C’est l’histoire tragique de toute l’Afrique, de ses élites corrompues, de ses dictateurs au grand jour et des ses autocrates à visage humain, à quI les leaders des nations dites avancées, continuent de faire allégeance par intérêt économique et politique. Élu Président en 1979, José Eduardo dos Santos, à la tête d’un parti tout puissant, a su ramasser, pendant ces vingt-huit ans, en toute impunité, pour lui, pour ses familiers et pour les élites politico-militaires complices, les immenses richesses de ce pays et attirer de grands groupes économiques et financiers. L’Angola du pétrole et des diamants est en pleine croissance économique, c’est aujourd’hui l’endroit où il faut investir.
Tandis que ses populations continuent de s’enfoncer jour après jour dans le chaos social, ne cessent d’affluer à Luanda, attirés par un eldorado de la crapule, les investisseurs de tout poil. « Les démocraties stabilisées continuent d’accepter des élections frauduleuses et injustes, accuse Human Rights Watch, en permettant que des autocrates jouent les démocrates, tout en violant les droits civiques et politiques. Les Etats Unis, l’Union Européenne, et d’autres démocraties influentes deviennent ainsi complices dans les violations des Droits de l’Homme partout dans le monde. »
Le journal angolais “O Apostolado” a dernièrement cité un communiqué des Nations Unies, émis par la Commission pour la Promotion et Défense des Droits de l’Homme, où L’Etat Angolais est accusé de ne pas présenter des compte-rendus sur les Droits de l’Homme depuis treize ans.
Sur la récente fermeture de la représentation de cette agence à Luanda, par le gouvernement angolais, Louise Harbour, Haut Commissaire pour les Droits de l’Homme aux Nations Unies, a affirmé que l’Angola doit encore faire face à de graves problèmes concernant le non-respect des Droits de l’Homme. « L’organisation rappelle que l’agence de l’ONU était en Angola depuis Mai de 2003, où elle a joué un rôle dans l’établissement d’une institution nationale de droits humains » Des successifs communiqués de défenseurs des Droits de l’Homme, en Angola et en Europe, parlent de détentions arbitraires pratiquées par la police nationale. Devant ces alertes le ministre de l’Intérieur suggère que les Européens s’occupent des droits humains dans leurs propres pays et aux USA.
Questionné sur les accusations de torture subies par des témoins du procès du journaliste José Lelo, le ministre demanda aux journalistes s’ils confondaient Angola avec Guantanamo. « On ne pratique pas la torture en Angola »

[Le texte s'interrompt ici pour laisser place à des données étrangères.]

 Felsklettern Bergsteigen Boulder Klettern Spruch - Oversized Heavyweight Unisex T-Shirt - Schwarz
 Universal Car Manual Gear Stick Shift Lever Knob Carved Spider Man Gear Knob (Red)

L’ex-correspondant de Voix d’Amérique, a été arrêté en Novembre 2007, à Cabinda, la province rebelle sous l’accusation de « instigation à la rébellion et complot contre l’État. » Selon l’avocat du journaliste angolais, les six militaires qui ont témoigné contre José Lelo ont été soumis à des séances de torture pendant 30 jours. Les gouvernements du Portugal n’ont jamais voulu regarder de très près la situation politique de ce pays. Les richesses d’Angola sont des raisons suffisantes pour faire taire les consciences. Or tout le monde sait que, depuis toujours, la pauvreté généralisée et les violations des droits de l’homme ont été accompagnées par l’enrichissement impressionnant de la famille dos Santos.

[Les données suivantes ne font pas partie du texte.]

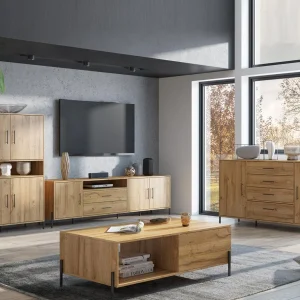 Armoire RUMA 4 Portes Chêne Grandson excellent qulity 14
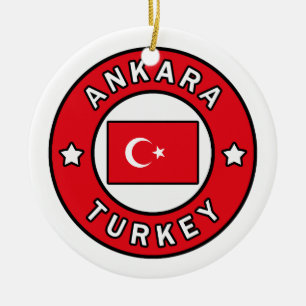 Ankara Turkey Ceramic Ornament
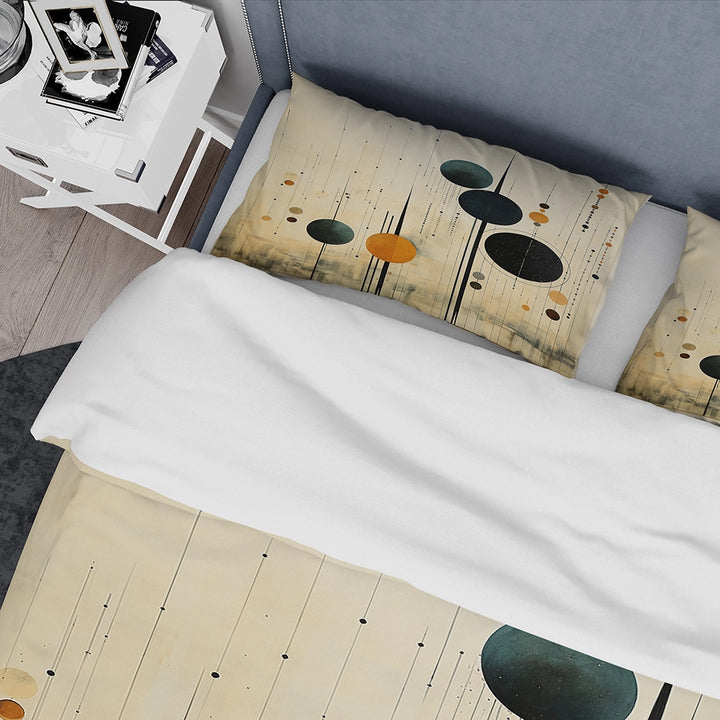 Colorful Mid Century Minimalist Oasis IV - Duvet Cover Set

Le Premier-ministre du Portugal dans sa récente visite en Angola a dit : « Je suis venu exprimer ma confiance dans le travail que le gouvernement angolais ne cesse de faire, et que je trouve important. Il suffit de regarder les indicateurs. » Pour le socialiste Socrates, les indicateurs auxquels il se réfère sont évidement les indicateurs d’investissements privés portugais, banques et grands groupes économiques, qui, alliés des familiers du président, se banquètent à la table de la richesse angolaise. Aux quelques miettes qui tomberont dans l’assiette du peuple on appellera pompeusement « développement économique. »

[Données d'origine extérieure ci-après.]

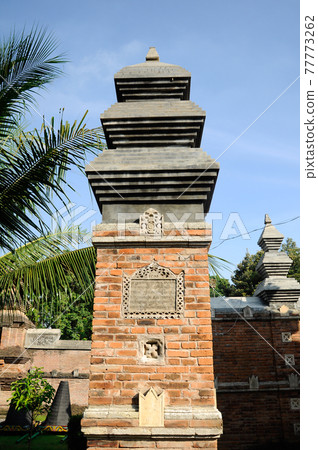 Stone work design and detail at Old Masjid Besar Mataram Kotagede, Jogjakarta Indonesia. According to history, the mosque was build on 1575. Stone work design and detail at Old Masjid Besar Mataram Kotagede, Jogjakarta Indonesia. According to history, the mosque was build on 1575. 77773262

Les vrais indicateurs économiques et sociaux placent l’Angola entre les dix pays avec l’Indice de Développent Humain le plus bas, au même niveau que les nations les plus pauvres du continent africain.
Dans un de ses derniers rapports sur l’état de l’économie, L’Université Catholique d’Angola, insiste sur « l’existence de deux mondes opposés. » D’un côté, le monde paradisiaque de la haute finance, de l’immobilier de luxe et de la spéculation, des shoppings avec ses grandes marques internationales, ses produits hors-prix, et de l’autre côté, le monde de 70% de la population, vivant dans l’enfer de la pauvreté.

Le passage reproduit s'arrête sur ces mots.